→ **TASK OBJECTIVE**
Take the lines below from the one with "da prevedere. Approvato" through the one with "Cartier CT0504S" and retype them exactly. Include nothing else, and no pictures.

→ **DATASET RECORDS**
⟨

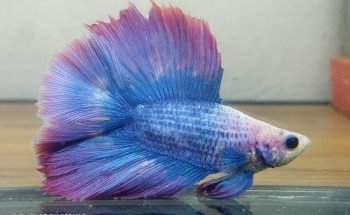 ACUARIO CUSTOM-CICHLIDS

⟩
⟨

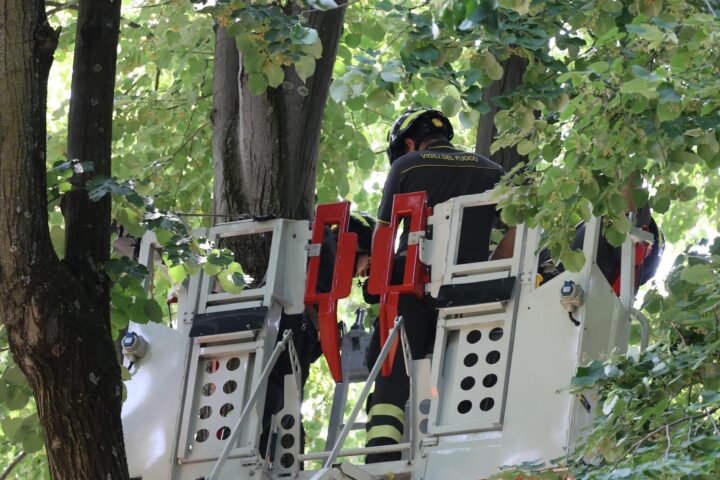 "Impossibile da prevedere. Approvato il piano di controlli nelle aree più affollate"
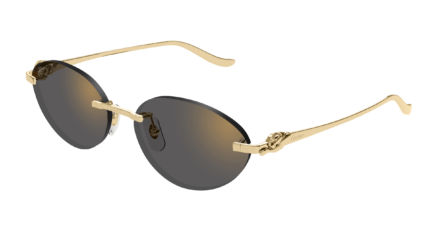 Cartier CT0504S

⟩

→ **ANSWER BOX**
 "Impossibile da prevedere. Approvato il piano di controlli nelle aree più affollate"
 Cartier CT0504S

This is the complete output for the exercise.